Take the records below and set down exactly the lines from the one with "2025 Volvo XC40 B5 Plus Dark Theme" to the one with "Sai Pallavi Interview", ends included; do not copy the pictures.

▶ [Information]:
※

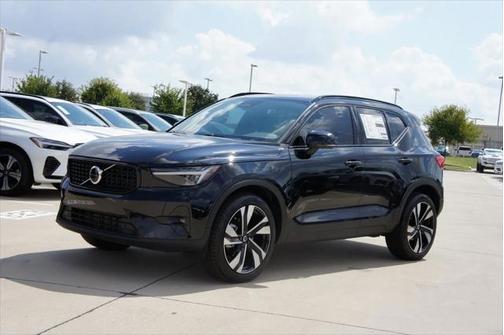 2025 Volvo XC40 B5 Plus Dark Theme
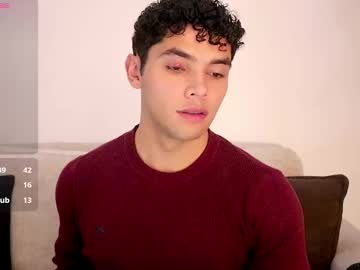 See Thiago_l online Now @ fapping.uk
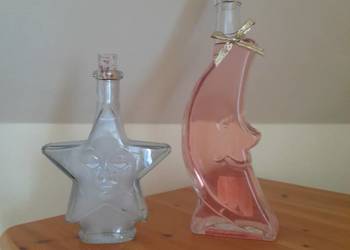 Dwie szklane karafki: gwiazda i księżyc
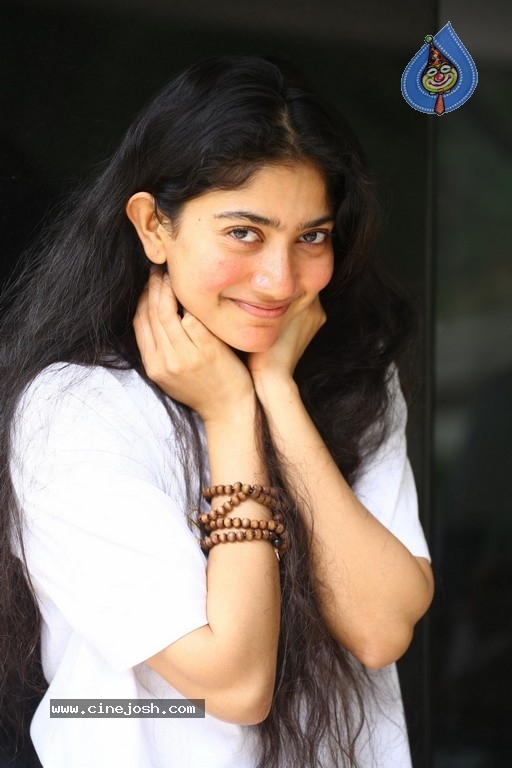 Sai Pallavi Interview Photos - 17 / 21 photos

※

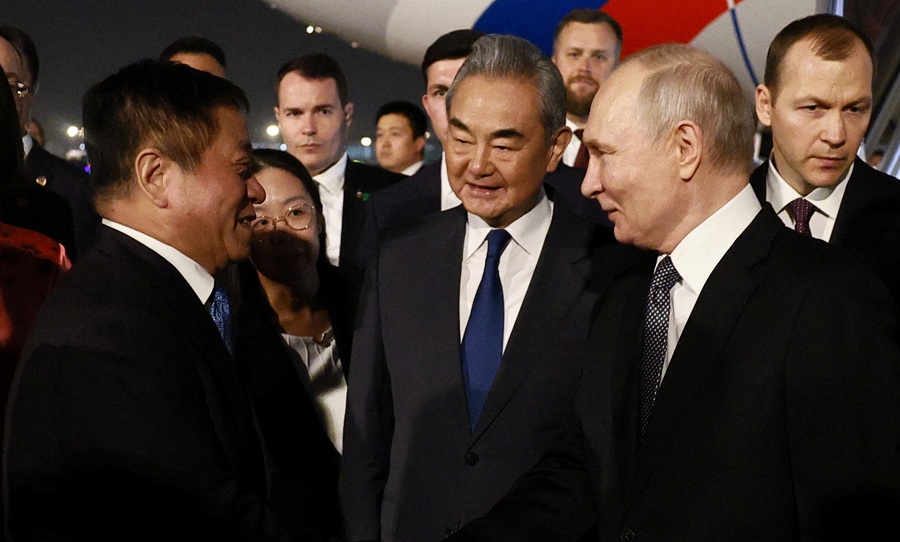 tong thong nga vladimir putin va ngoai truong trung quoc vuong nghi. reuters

※

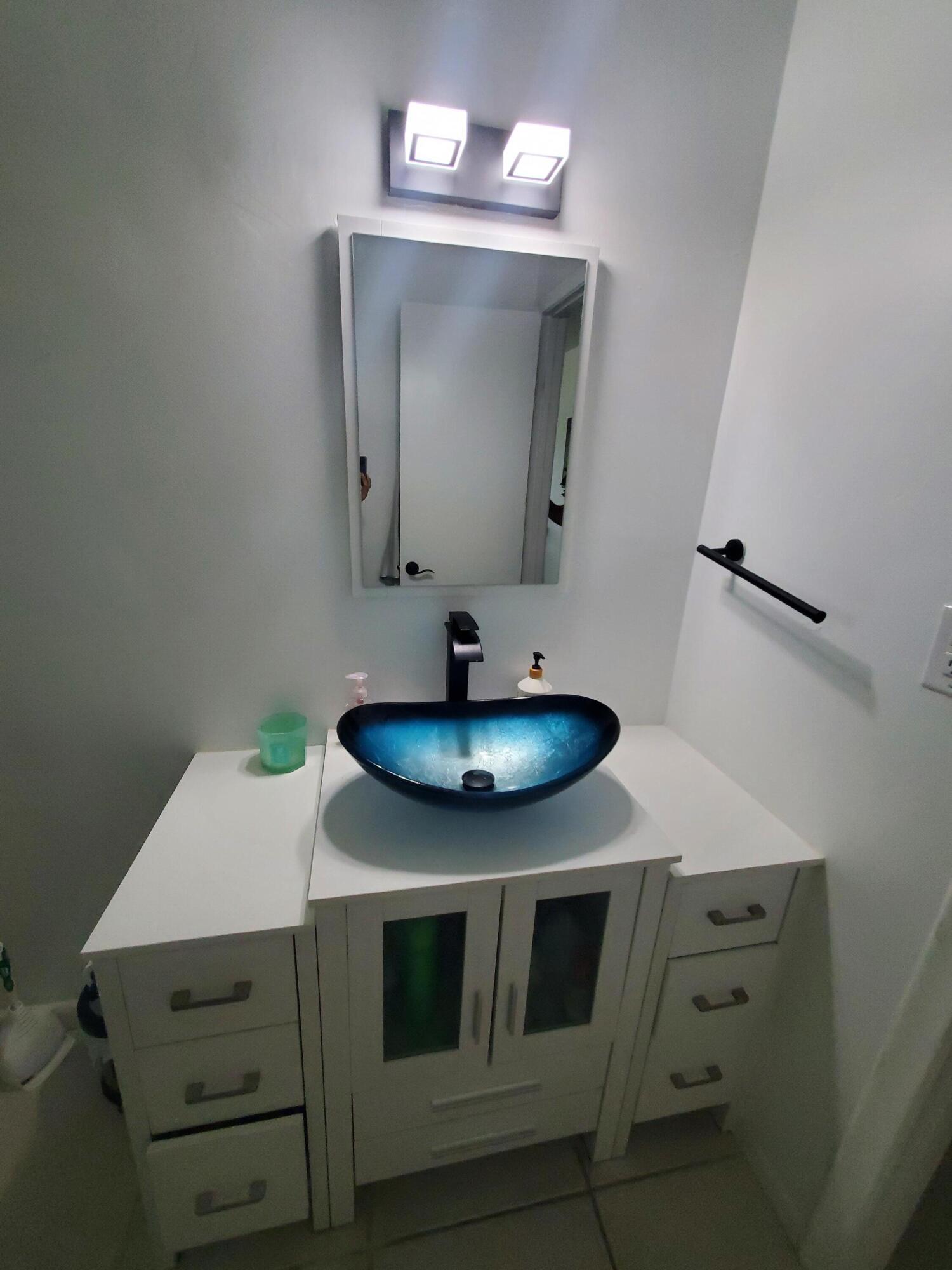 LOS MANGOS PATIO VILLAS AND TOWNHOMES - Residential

※

▶ [The completed task]:
 2025 Volvo XC40 B5 Plus Dark Theme
 See Thiago_l online Now @ fapping.uk
 Dwie szklane karafki: gwiazda i księżyc
 Sai Pallavi Interview Photos - 17 / 21 photos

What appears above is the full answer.